La ville de Kisangani, capitale de la province de la Tshopo, traverse une crise d’approvisionnement en eau potable, en raison d’une coupure prolongée de l’électricité. Cette situation, provoquée par des travaux de maintenance de la Société Nationale d’Électricité, paralyse la ville.

Face à cette pénurie d’eau qui touche toute la ville, le gouvernement provincial de la Tshopo, dirigé par le gouverneur Paulin Lendongolia, a réagi en urgence pour apporter une solution.
Le gouverneur a décidé de financer l’alimentation en carburant du groupe électrogène de la REGIDESO, la société en charge de la distribution d’eau à Kisangani.
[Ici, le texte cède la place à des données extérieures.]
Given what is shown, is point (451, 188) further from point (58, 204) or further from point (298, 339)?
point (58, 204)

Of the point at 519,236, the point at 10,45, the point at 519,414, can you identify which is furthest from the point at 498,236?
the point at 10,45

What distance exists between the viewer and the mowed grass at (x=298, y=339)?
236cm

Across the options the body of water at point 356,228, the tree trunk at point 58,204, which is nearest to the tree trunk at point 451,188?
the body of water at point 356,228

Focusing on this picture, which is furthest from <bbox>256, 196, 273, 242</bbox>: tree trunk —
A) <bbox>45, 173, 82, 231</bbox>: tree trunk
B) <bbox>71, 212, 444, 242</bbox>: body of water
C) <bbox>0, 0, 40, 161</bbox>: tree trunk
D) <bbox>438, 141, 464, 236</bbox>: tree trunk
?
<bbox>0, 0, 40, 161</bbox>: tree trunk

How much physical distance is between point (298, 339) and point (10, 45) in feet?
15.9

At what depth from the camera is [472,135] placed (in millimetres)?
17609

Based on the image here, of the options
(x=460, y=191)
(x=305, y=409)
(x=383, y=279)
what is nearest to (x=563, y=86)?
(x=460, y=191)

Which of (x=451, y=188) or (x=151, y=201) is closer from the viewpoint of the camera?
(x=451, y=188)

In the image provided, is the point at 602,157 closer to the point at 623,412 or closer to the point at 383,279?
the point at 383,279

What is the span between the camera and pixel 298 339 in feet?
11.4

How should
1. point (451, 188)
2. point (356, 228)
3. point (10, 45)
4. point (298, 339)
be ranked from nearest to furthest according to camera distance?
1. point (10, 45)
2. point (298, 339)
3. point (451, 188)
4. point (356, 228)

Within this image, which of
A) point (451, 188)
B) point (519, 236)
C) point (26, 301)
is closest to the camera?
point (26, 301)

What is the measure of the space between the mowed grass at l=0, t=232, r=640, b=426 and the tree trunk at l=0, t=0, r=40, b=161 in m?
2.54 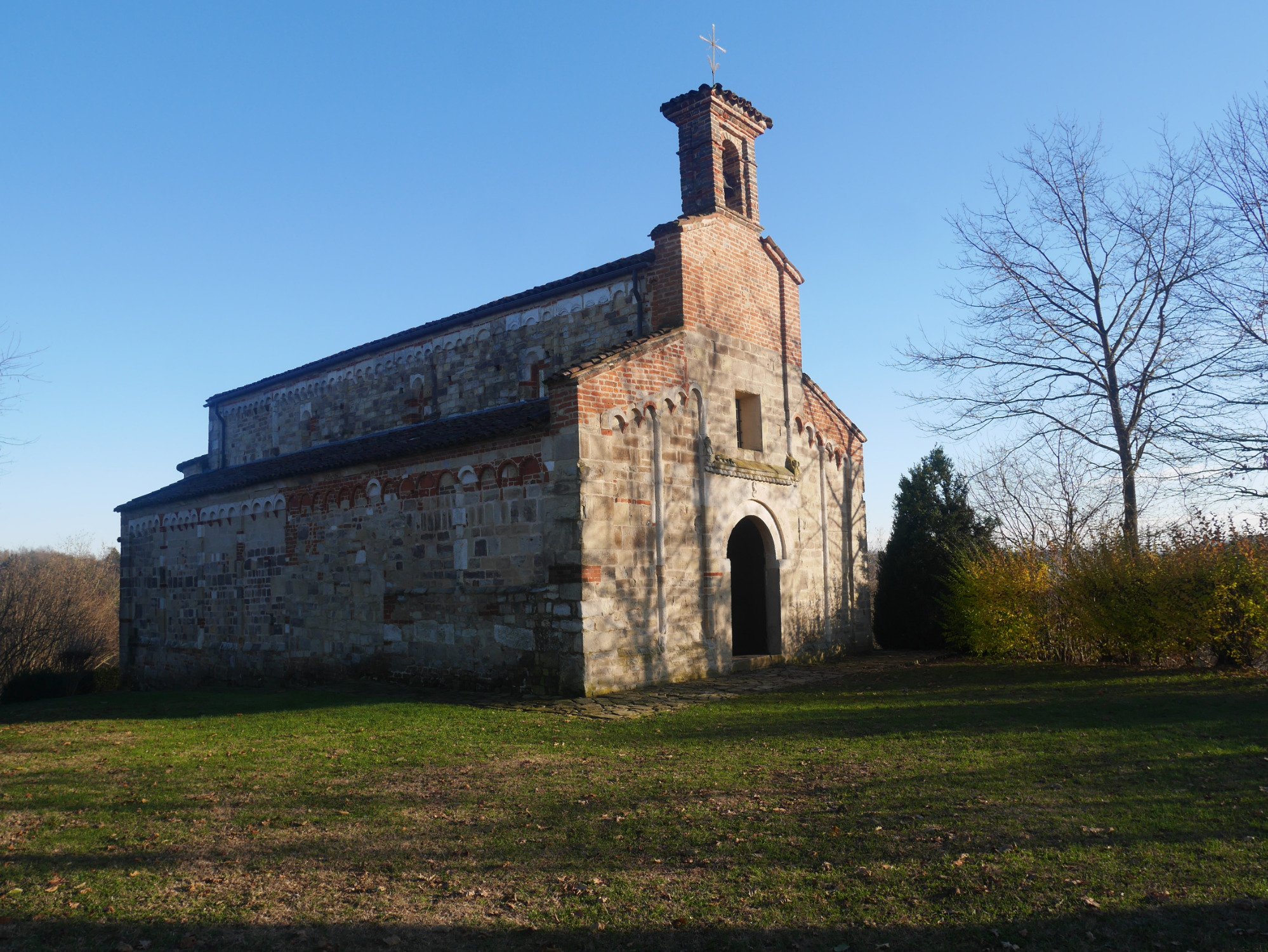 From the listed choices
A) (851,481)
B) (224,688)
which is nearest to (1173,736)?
(851,481)

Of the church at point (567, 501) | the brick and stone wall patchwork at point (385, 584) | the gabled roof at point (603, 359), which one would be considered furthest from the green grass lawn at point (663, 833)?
the gabled roof at point (603, 359)

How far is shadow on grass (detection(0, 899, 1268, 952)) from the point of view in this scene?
376cm

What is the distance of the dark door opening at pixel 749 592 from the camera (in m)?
15.6

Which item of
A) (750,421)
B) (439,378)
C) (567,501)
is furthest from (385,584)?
(750,421)

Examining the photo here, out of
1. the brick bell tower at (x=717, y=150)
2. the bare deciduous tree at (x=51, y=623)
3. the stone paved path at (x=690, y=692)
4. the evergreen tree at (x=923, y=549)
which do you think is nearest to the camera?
the stone paved path at (x=690, y=692)

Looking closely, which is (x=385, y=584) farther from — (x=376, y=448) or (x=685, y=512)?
(x=685, y=512)

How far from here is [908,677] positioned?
502 inches

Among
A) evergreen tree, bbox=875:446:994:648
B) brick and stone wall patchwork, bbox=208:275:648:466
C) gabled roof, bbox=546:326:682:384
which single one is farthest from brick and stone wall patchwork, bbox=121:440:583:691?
evergreen tree, bbox=875:446:994:648

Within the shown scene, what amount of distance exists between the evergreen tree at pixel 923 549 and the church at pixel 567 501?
1.62 metres

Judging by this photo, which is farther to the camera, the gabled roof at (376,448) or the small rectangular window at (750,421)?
the small rectangular window at (750,421)

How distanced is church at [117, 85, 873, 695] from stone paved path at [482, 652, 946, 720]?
340 mm

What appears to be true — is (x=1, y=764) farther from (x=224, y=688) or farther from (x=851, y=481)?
(x=851, y=481)

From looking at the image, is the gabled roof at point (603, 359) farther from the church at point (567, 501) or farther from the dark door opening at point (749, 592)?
the dark door opening at point (749, 592)

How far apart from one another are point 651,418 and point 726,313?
9.16ft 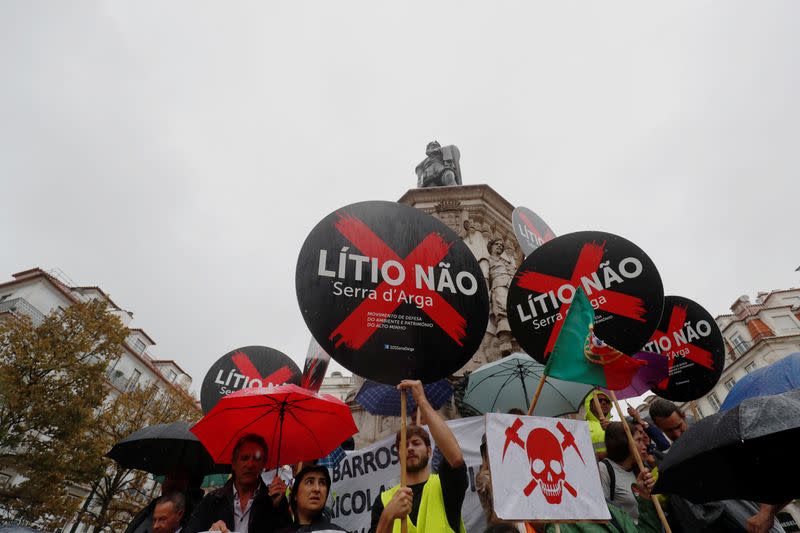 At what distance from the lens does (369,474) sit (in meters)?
5.04

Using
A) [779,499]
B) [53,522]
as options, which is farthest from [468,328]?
[53,522]

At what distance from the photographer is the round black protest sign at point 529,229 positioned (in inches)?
334

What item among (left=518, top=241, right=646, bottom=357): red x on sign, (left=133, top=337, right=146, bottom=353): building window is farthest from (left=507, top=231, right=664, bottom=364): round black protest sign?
(left=133, top=337, right=146, bottom=353): building window

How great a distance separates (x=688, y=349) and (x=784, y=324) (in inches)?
1808

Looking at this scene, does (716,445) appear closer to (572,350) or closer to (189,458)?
(572,350)

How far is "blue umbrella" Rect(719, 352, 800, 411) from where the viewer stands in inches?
108

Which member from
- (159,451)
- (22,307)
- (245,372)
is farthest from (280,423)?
(22,307)

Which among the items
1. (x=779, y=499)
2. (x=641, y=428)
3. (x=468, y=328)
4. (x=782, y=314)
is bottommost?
(x=779, y=499)

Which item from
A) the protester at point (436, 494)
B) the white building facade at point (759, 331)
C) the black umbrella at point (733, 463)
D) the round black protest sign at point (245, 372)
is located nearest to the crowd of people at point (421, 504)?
the protester at point (436, 494)

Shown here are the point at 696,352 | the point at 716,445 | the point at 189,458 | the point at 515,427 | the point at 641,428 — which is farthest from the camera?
the point at 696,352

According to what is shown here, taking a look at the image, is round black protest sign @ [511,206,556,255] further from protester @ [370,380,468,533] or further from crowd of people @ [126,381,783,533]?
protester @ [370,380,468,533]

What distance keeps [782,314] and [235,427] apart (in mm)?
51668

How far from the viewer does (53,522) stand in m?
17.0

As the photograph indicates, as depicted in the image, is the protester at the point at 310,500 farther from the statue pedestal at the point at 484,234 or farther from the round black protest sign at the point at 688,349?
the statue pedestal at the point at 484,234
Cette mesure permettra à la REGIDESO de relancer progressivement ses opérations et de distribuer à nouveau de l’eau aux habitants.
Déjà, l’eau coule dans certains quartiers de la ville, a-t-on appris.

Depuis l’annonce de la coupure d’électricité par la SNEL, les Boyomais ont dû faire face au manque de l’eau depuis dimanche 9 février 2025. Des files interminables se sont formées autour des puits et sources d’eau dans plusieurs quartiers de la ville. Femmes, enfants ont parcouru de longues distances pour s’approvisionner en eau.

La coupure d’électricité, annoncée le samedi 8 février, a été attribuée à des travaux de maintenance sur la centrale hydroélectrique de la Tshopo. Selon la SNEL, l’interruption de la fourniture d’électricité devrait durer cinq jours. Ce manque d’énergie a rendu impossible pour la REGIDESO de pomper l’eau et de la distribuer aux abonnés, exacerbant ainsi la situation déjà précaire de la ville en termes d’approvisionnement en eau.

L’intervention rapide du gouvernement provincial est venue soulager temporairement la population, en permettant à la REGIDESO de reprendre partiellement ses activités.